# Problem statement
The entries are to be output in full, word for word.

# Supplied records
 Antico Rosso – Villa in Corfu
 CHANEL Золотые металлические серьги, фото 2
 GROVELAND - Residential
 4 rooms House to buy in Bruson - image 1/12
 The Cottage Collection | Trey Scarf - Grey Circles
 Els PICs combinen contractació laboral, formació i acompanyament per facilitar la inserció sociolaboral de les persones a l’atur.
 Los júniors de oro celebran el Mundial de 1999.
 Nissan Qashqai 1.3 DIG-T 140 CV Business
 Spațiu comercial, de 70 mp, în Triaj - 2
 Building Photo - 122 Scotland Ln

# Solution
 Antico Rosso – Villa in Corfu
 CHANEL Золотые металлические серьги, фото 2
 GROVELAND - Residential
 4 rooms House to buy in Bruson - image 1/12
 The Cottage Collection | Trey Scarf - Grey Circles
 Els PICs combinen contractació laboral, formació i acompanyament per facilitar la inserció sociolaboral de les persones a l’atur.
 Los júniors de oro celebran el Mundial de 1999.
 Nissan Qashqai 1.3 DIG-T 140 CV Business
 Spațiu comercial, de 70 mp, în Triaj - 2
 Building Photo - 122 Scotland Ln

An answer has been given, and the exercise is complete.